Nov 14 | Tear it down, Part 2 (Letters from the Coast)

This is the second in my three part series on Christian fundamentalism and the harm it can and will cause in people’s lives.

PART II: THE PLAIN MEANING

Years later, I found myself obsessively scrolling through a forum of survivors of IFB churches (Independent Fundamentalist Baptist).

I don’t remember how I got there. I’m absolutely fascinated by cults, and IFB churches are very culty, so that might have been part of it.

It doesn’t really matter. What matters is that, over and over, I saw the same damn story.

Kid (often but definitely not always a girl) ends up in IFB church. Maybe she grew up in it, but there were quite a few stories of families transferring to these churches from other ones. Finds herself in a community that prioritizes male authority, and concentrates it on the male pastor, who might as well be God.

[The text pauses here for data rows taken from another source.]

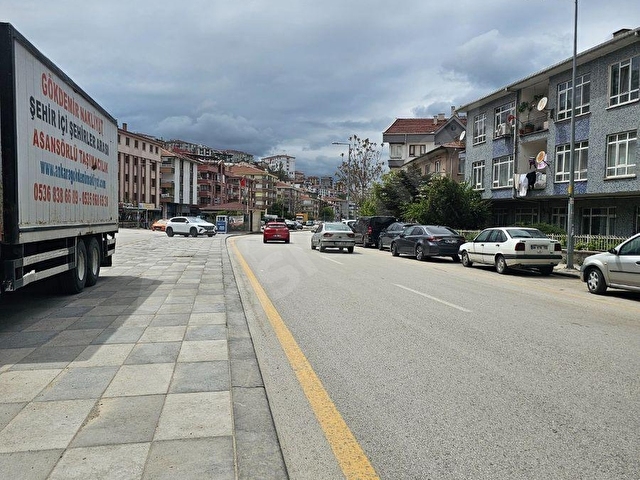 İNCESU CADDESİ NDE ACİL DEVREN KİRALIK DÜKKAN - Görsel 5
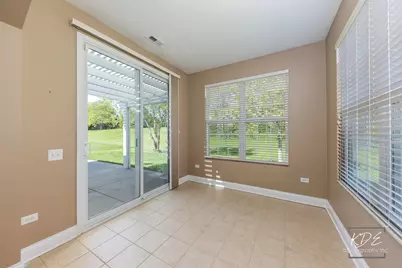 2898 Stoney Creek Drive, Elgin, IL 60124 - Photo 14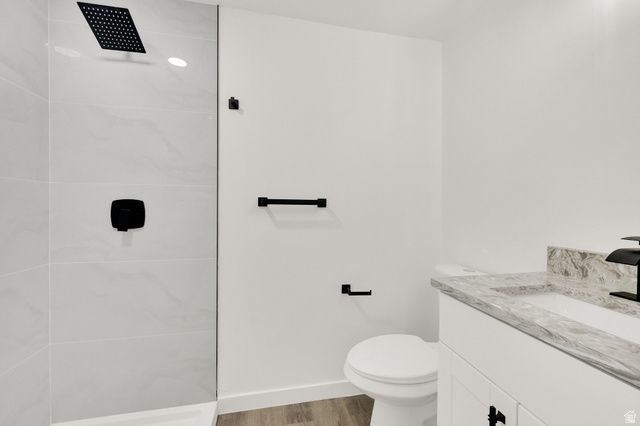 2054 W MARK ST, Layton, UT 84041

Sidebar: I always found this funny as IFB and other fundamentalist Protestant churches usually dunk on the Roman Catholic Church for its hierarchy and elitism, but then literally recreate it without any of the accountability they might get from the wider communion or magisterium – hence, independent.

Said minister, or one of the other many many men in the parish with authority then sexually abuses the child.

Obviously many of the kids never come forward, but quite a few do.

And everything goes to hell.

If the kid is a girl (and especially if it’s a girl over 10 and under 18), the abuse is framed as a “giving in to temptation.” Abuser and abused are judged by elders of the church, and often sat before one another and made to “confess their sins.” Often the girl is then forced to apologize to the man’s wife, if he has one. In some cases, she is even forced to confess in front of the whole congregation.

If the kid is a boy, often the same process is followed, now tinted with all of the anti-LGBTQ persecution you might expect.

If the kid is under 10, there might be less focus on the “temptation” narrative, but the abuse is still framed as a lapse and the abuser is, for lack of a better word, coddled.

Because IFB churches are antagonistic toward the “sinful” outside world, more often than not no-one will go to the police. In the stories I read, the abuser was never kicked out of the church or even subject to what I would see as real discipline…and went on abusing.

I was completely horrified by everything. All of the above was accompanied by gaslighting and spiritual abuse.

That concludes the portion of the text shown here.